= Julianus (consul) =

Julianus is the cognomen of a Roman senator whose tenure as suffect consul with one Castus as his colleague, is known from a number of brick stamps. A number of experts have surmised he is to be identified with a proconsul of Asia mentioned in the writings of the sophist Aelius Aristides.

In 1944, Herbert Bloch noted that bricks produced in Rome between AD 110 and 164 often bore a stamp with the year they were produced in, dated according to the eponymous or ordinary consul of the year, with the exception of four groups of bricks which were dated by the suffect consuls in office for part of that year. Of these four pairs of suffect consuls, he was able to identify and date the tenures of all of them except for the pair Julianus and Castus. This pair he could state that, based on the form of the stamp, probably held office in a nundinium in the period 127-134 Several more examples of bricks stamped with the cognomina of these consuls have since been found.

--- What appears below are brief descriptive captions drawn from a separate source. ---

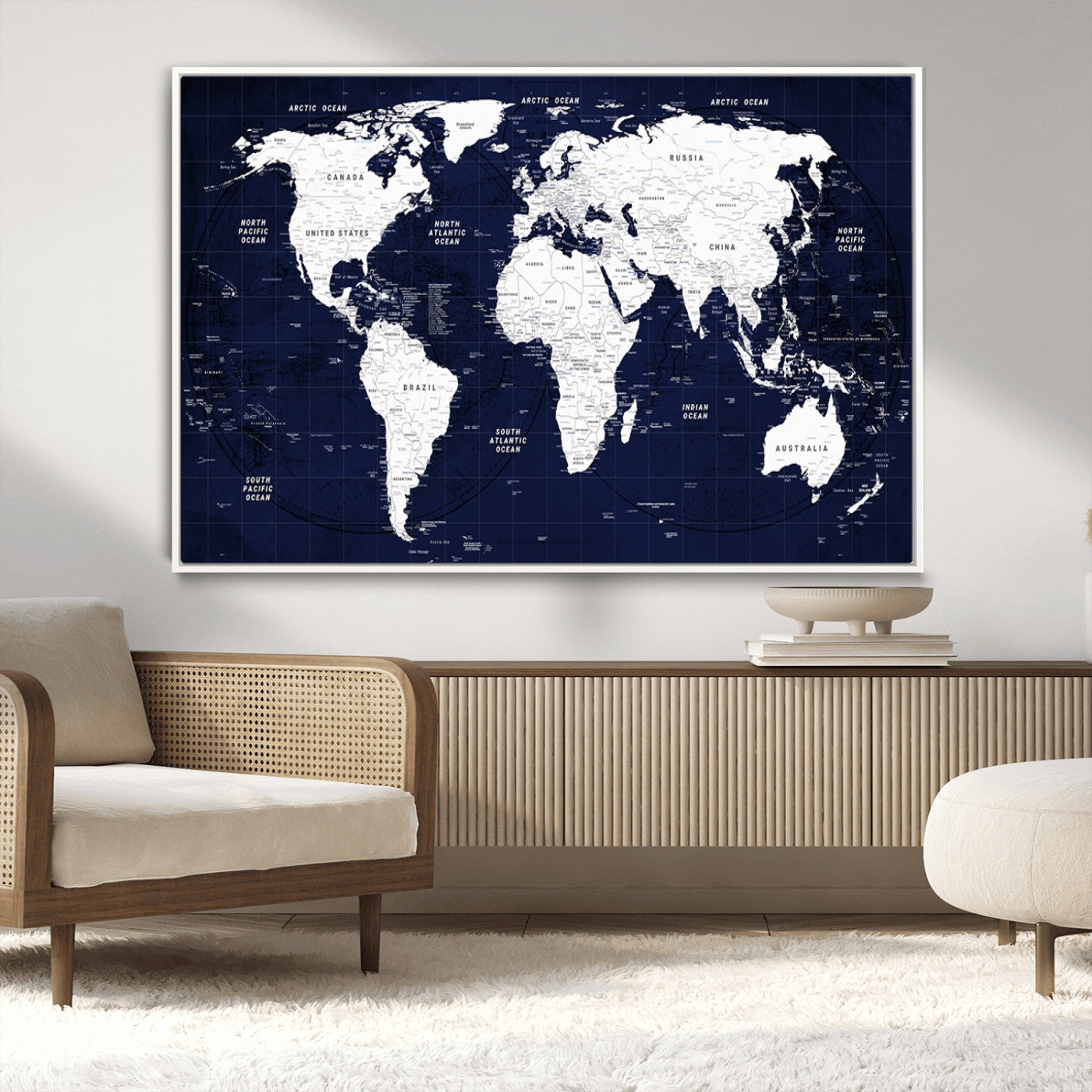 -Navy Blue World Map Canvas Print – Modern Push Pin Travel Map Wall Art, Framed Contemporary Decor for Home or Office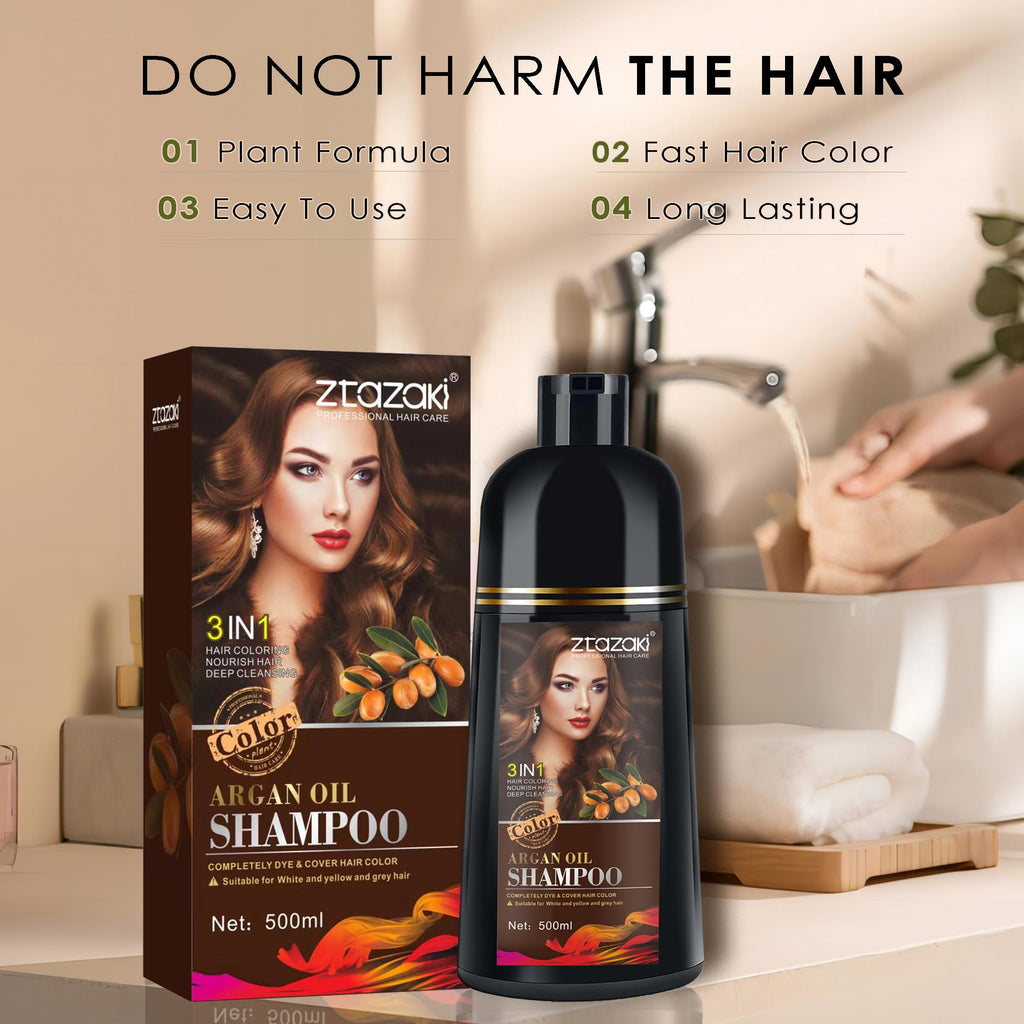 Callmynm Hair Dye Shampoo 3-in-1 with Argan Oil — Instant Gray Coverage (500ml Dark Red Wine)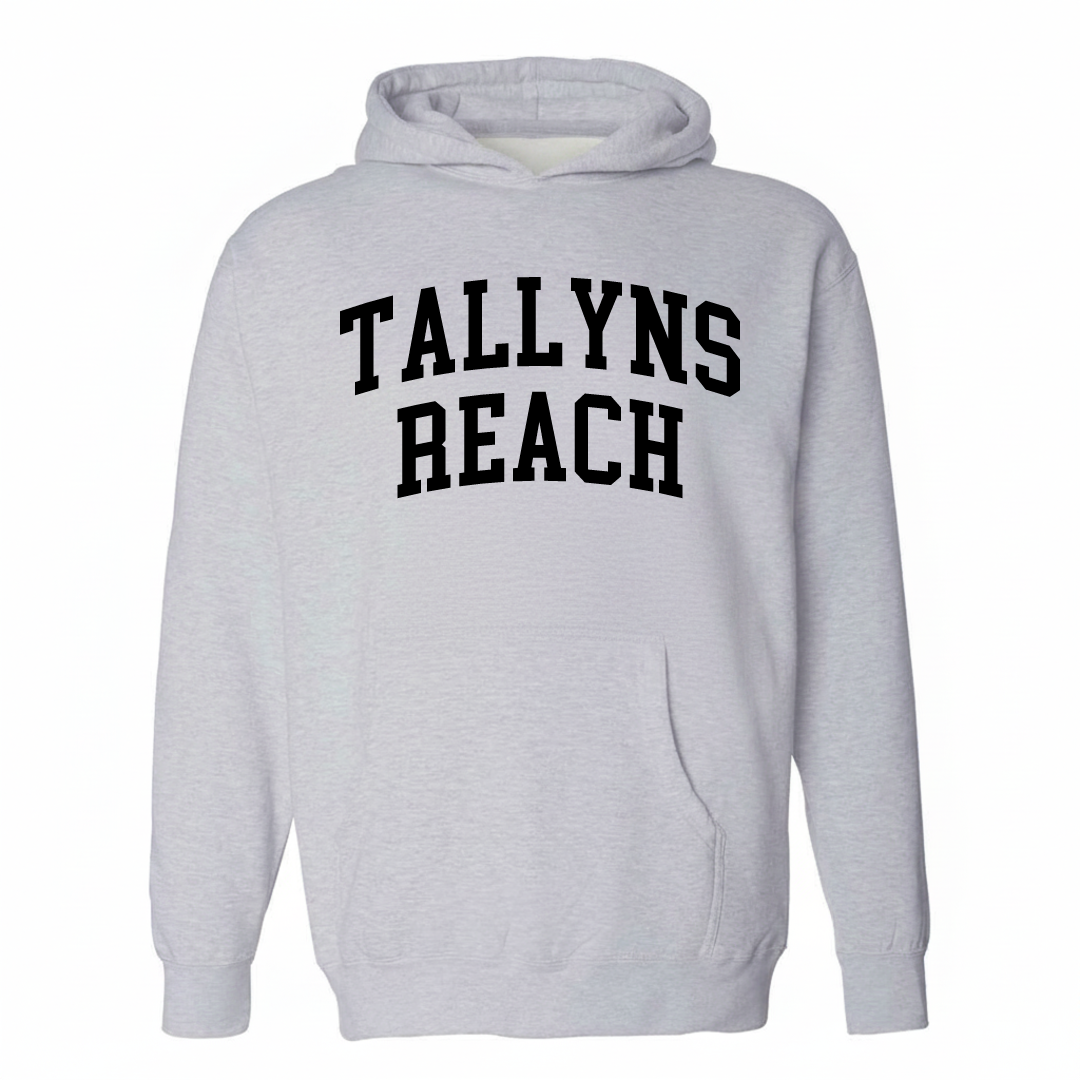 Heather-gray hoodie with the Tallyns Reach varsity arched lettering design on the chest.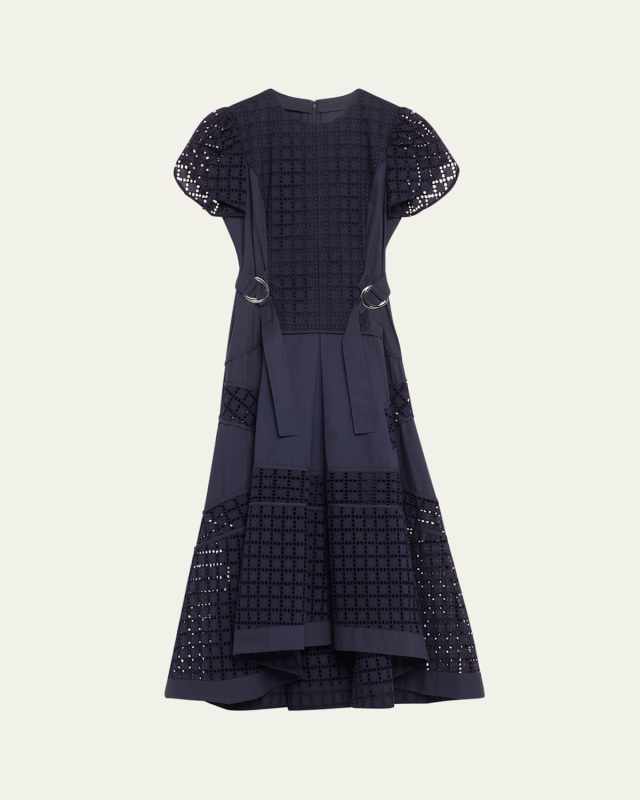 Grid Broderie Anglaise Tulip Midi Dress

This Julianus is frequently identified with the proconsul Julianus mentioned in the Fourth Sacred Discourse of Aristides. Further, an inscription from Ephesus, datable to 145, mentions a proconsul [...]lianus, who has been identified with Aristides' Julianus. Consuls whom the sortition selected for this proconsulate held it in order of their consulate, after a period of 15 years, which would fit a consulate c. 130.

Further identification of this Julianus is less certain; two possible candidates have been offered. One is Tiberius Claudius Julianus, the grandnephew of Tiberius Julius Celsus Polemaeanus suffect consul in 92; this Julianus' son was Tiberius Claudius Julianus, consul in 154. The other is Tiberius Julius Julianus, sometimes identified with Tiberius Julius Julianus Alexander, governor of Arabia Petraea in 125.